*Exercise prompt*:
Every line below from the one with "imageUnder Armour Boys" through the one with "Toyota Corolla Cross" should be retyped exactly, both ends included; no other lines and no pictures.

*Data supplied*:
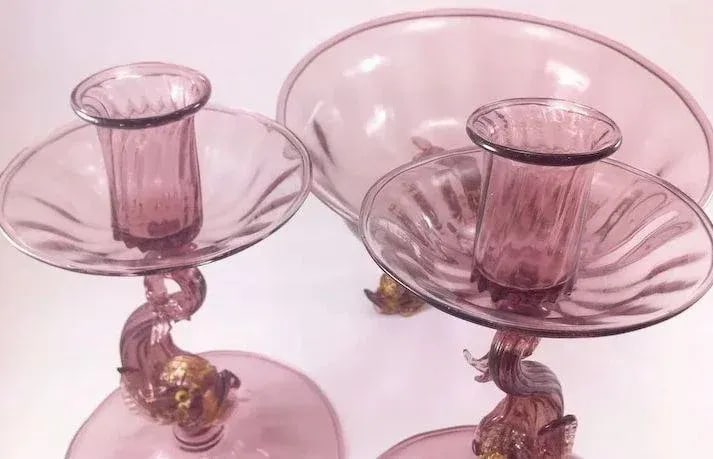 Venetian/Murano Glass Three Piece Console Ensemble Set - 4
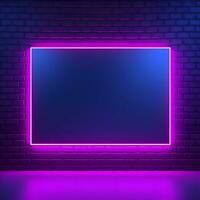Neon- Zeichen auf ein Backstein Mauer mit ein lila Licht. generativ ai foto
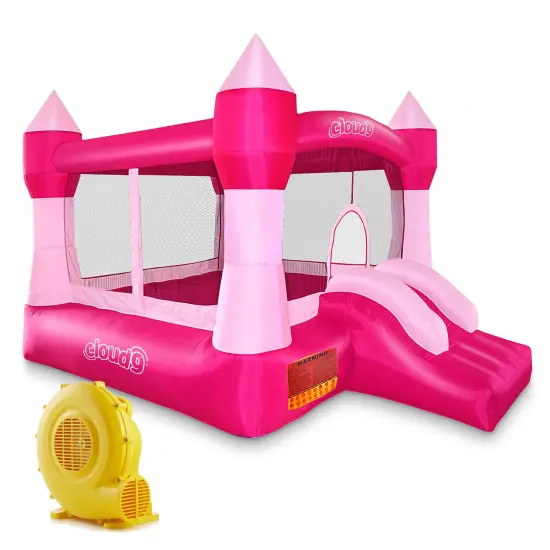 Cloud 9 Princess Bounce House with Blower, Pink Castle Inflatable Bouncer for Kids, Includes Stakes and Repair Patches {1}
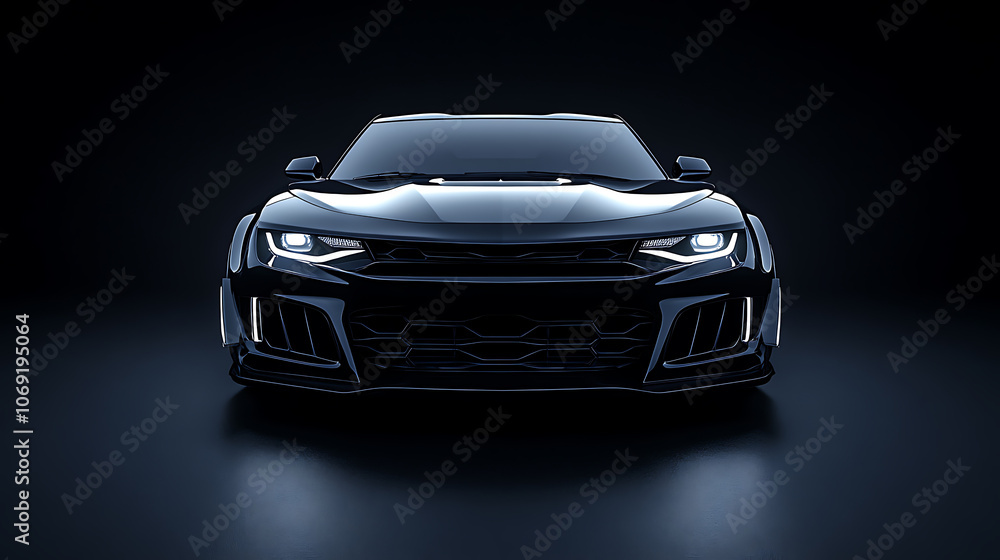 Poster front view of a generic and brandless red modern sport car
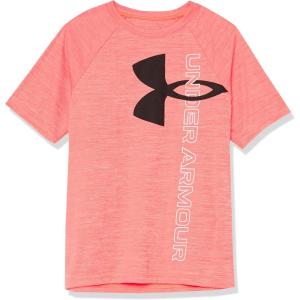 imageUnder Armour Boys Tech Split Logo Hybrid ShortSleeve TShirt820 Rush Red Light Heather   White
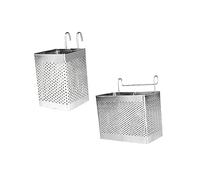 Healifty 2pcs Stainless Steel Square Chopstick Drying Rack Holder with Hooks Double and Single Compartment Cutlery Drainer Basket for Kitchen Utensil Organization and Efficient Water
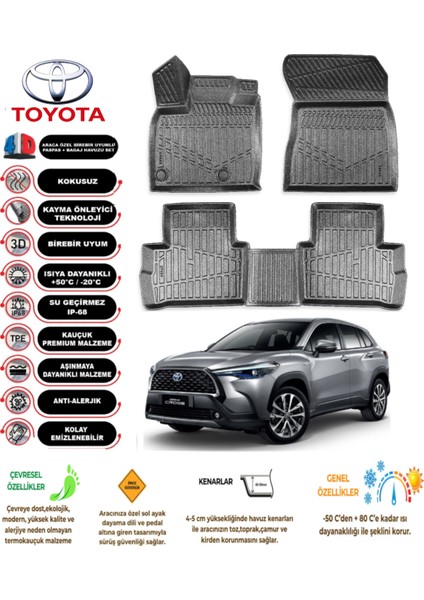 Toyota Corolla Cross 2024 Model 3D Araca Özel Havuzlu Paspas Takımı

==

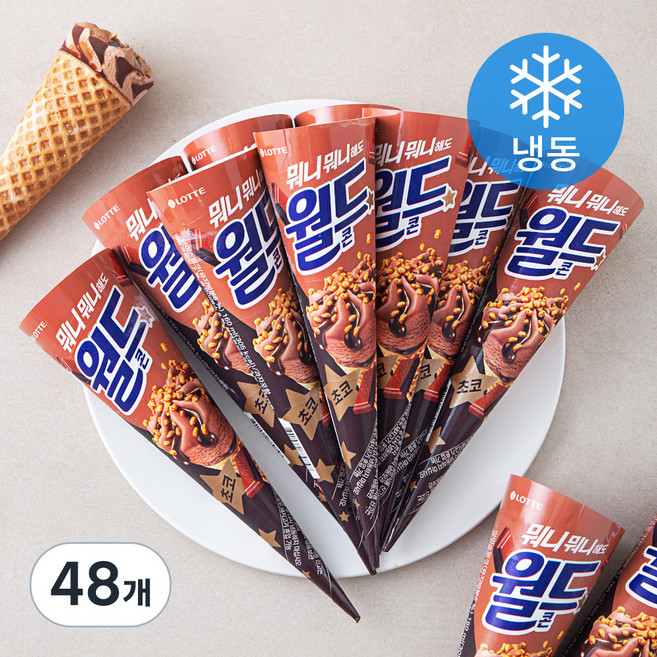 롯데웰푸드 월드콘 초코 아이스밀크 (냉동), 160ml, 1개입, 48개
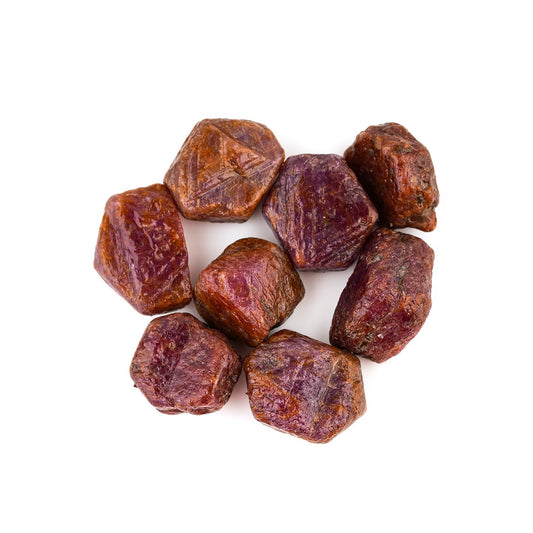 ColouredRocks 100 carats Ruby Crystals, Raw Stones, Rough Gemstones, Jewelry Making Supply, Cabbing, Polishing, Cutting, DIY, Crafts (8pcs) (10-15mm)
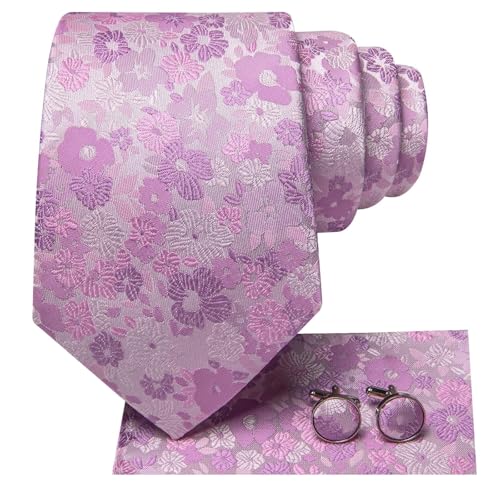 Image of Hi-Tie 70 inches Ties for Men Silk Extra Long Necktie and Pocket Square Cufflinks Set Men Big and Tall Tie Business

*Answer to this exercise*:
 imageUnder Armour Boys Tech Split Logo Hybrid ShortSleeve TShirt820 Rush Red Light Heather   White
 Healifty 2pcs Stainless Steel Square Chopstick Drying Rack Holder with Hooks Double and Single Compartment Cutlery Drainer Basket for Kitchen Utensil Organization and Efficient Water
 Toyota Corolla Cross 2024 Model 3D Araca Özel Havuzlu Paspas Takımı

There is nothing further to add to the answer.